■ **Work required**
Would you return exactly the lines below from the line with "She sighed again." through the line with "Here you can", both included, and nothing else, leaving out the pictures?

■ **Exercise data**
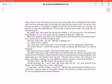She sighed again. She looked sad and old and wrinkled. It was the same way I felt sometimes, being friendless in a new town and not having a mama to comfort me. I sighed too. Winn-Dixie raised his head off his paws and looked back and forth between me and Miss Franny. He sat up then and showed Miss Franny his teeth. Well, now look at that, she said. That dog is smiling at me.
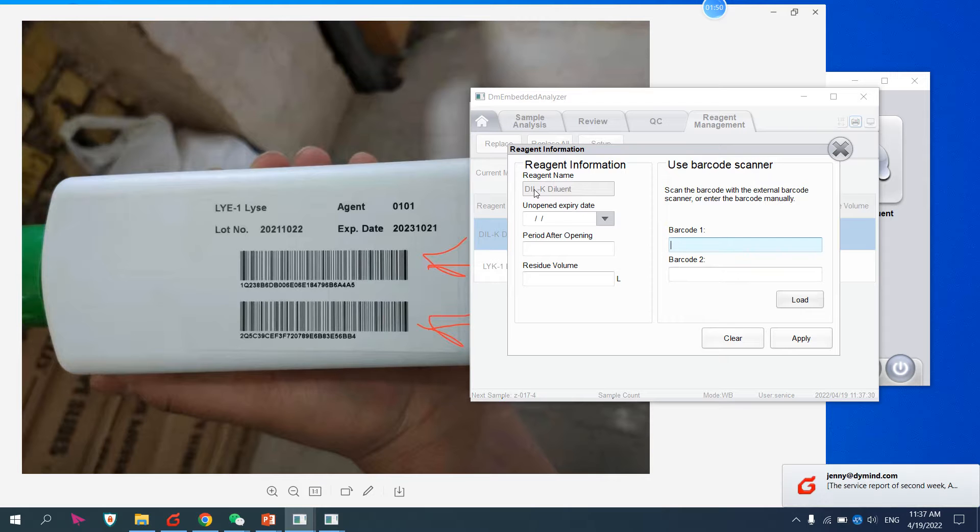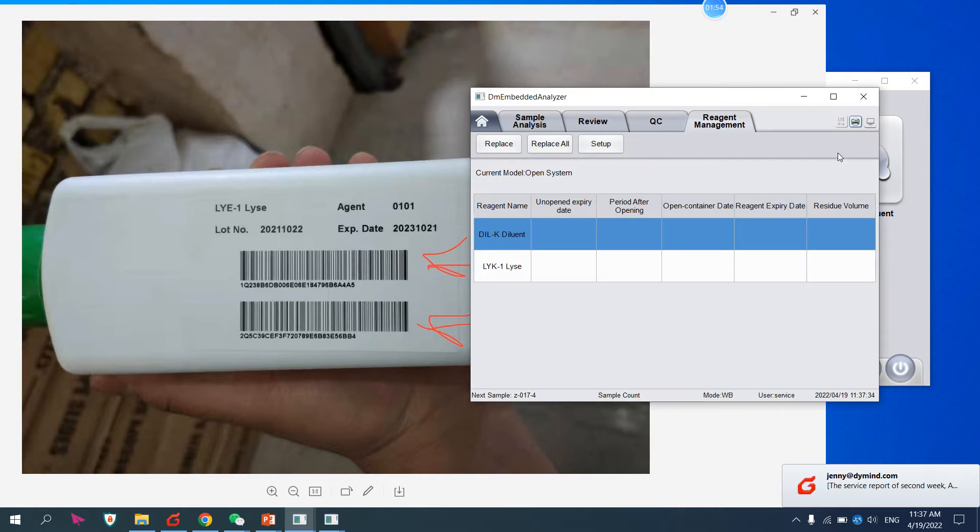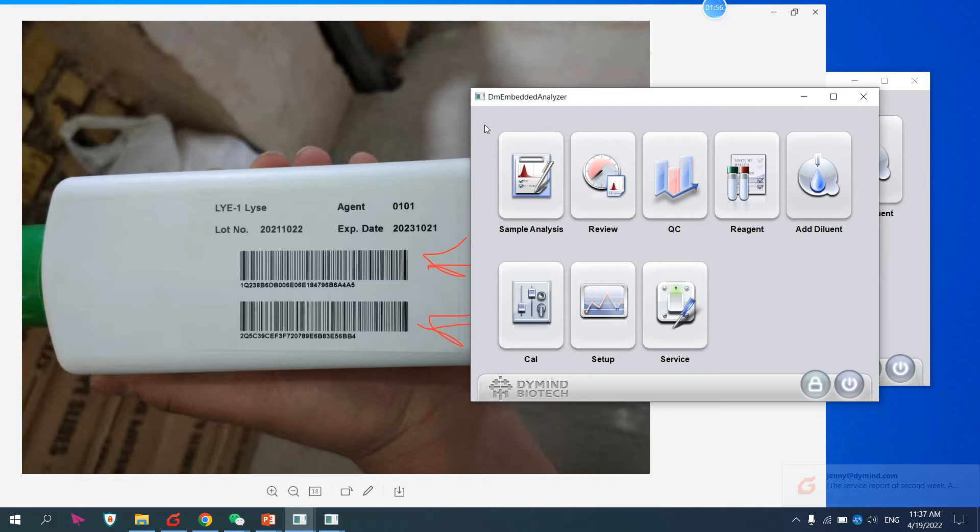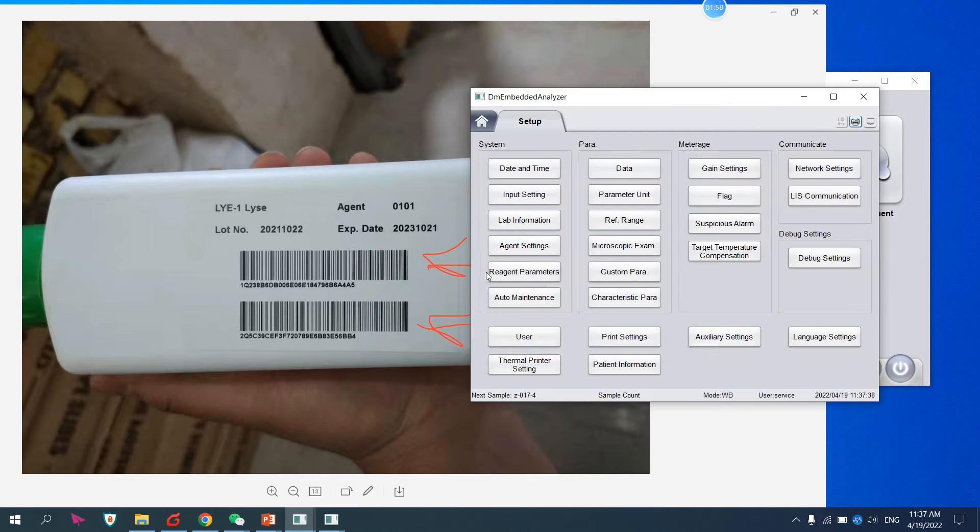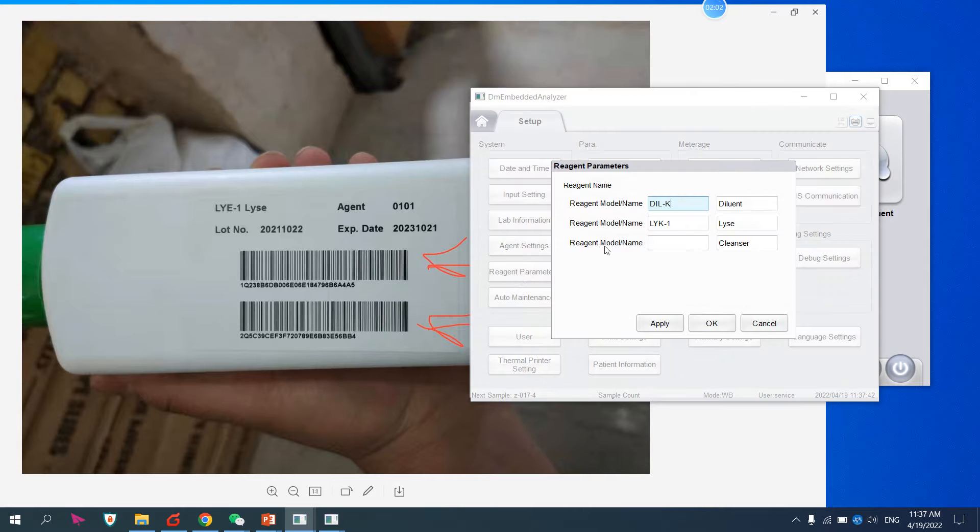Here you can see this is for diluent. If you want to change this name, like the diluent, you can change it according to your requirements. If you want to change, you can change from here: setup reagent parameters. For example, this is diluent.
==
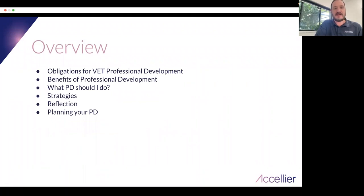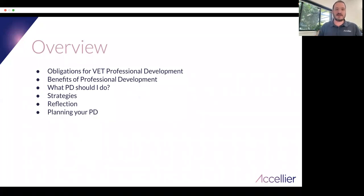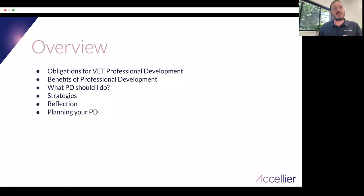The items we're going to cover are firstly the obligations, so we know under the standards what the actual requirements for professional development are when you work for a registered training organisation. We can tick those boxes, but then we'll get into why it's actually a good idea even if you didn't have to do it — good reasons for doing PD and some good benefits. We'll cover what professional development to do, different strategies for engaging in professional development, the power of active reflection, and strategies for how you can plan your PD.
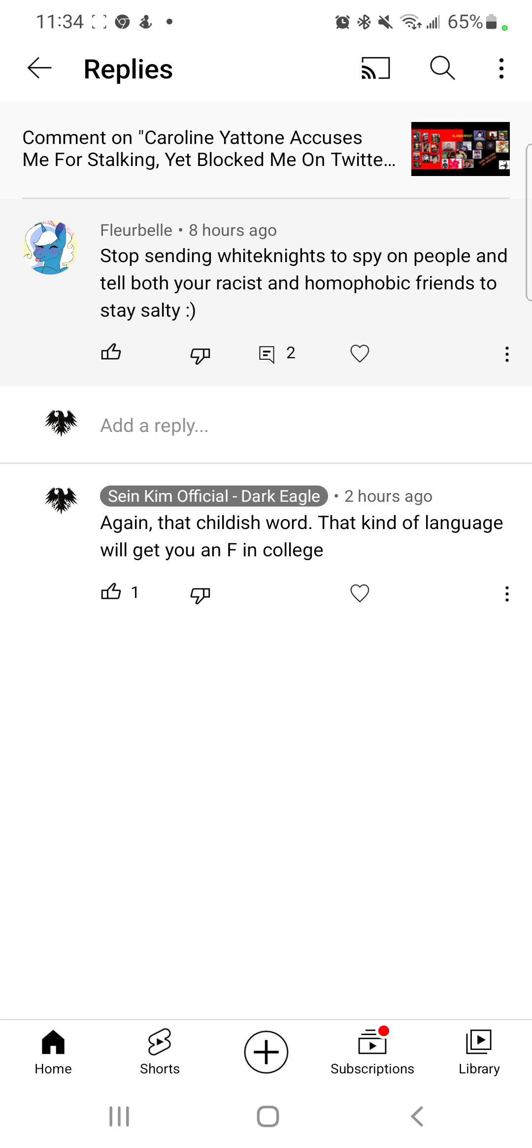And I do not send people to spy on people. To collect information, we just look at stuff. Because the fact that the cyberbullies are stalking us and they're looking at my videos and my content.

■ **Written answer**
She sighed again. She looked sad and old and wrinkled. It was the same way I felt sometimes, being friendless in a new town and not having a mama to comfort me. I sighed too. Winn-Dixie raised his head off his paws and looked back and forth between me and Miss Franny. He sat up then and showed Miss Franny his teeth. Well, now look at that, she said. That dog is smiling at me.
Here you can see this is for diluent. If you want to change this name, like the diluent, you can change it according to your requirements. If you want to change, you can change from here: setup reagent parameters. For example, this is diluent.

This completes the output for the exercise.